Web page caption snippets:
----
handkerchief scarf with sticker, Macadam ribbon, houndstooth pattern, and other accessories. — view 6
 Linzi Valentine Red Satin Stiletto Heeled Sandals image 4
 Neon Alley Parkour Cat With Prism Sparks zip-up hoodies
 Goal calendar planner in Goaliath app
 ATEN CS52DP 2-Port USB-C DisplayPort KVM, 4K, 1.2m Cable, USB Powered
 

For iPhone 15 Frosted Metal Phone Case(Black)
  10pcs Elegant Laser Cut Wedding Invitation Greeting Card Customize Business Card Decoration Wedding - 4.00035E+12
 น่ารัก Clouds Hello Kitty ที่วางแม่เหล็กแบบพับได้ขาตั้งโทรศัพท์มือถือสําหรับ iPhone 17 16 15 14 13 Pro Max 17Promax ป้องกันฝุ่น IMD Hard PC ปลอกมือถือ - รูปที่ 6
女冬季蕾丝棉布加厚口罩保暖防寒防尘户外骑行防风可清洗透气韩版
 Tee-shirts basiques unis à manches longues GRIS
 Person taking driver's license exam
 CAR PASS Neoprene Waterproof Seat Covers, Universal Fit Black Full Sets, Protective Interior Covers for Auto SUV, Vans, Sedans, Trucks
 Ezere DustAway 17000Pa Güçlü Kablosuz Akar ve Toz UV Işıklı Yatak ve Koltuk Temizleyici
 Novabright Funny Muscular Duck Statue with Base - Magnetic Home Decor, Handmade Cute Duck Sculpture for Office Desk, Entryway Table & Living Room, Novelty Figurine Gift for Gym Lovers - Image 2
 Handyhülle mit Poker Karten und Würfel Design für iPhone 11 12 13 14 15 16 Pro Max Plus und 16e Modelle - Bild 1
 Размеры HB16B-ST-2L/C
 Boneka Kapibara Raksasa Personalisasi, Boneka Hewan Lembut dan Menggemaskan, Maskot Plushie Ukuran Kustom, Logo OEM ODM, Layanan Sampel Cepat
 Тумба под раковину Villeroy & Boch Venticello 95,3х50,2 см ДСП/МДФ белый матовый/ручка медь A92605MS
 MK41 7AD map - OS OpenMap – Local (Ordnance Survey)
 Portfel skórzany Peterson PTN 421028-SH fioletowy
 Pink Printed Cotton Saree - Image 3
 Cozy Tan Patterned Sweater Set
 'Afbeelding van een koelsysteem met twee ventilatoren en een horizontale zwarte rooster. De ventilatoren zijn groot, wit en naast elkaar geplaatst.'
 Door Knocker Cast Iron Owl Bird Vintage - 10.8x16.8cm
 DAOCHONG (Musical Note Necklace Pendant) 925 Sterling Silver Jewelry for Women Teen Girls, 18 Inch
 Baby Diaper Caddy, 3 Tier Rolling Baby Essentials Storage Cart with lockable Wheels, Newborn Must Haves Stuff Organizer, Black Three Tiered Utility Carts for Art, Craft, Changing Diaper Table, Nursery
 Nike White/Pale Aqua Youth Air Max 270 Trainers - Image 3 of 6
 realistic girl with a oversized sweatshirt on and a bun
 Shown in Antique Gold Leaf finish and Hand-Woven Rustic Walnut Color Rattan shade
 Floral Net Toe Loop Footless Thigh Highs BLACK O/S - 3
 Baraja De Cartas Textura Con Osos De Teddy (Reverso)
----
◆ Work to be completed ◆
Nothing but a number should be given: the count of lines in the entries that contain the word "iPhone".

◆ Answer below ◆
3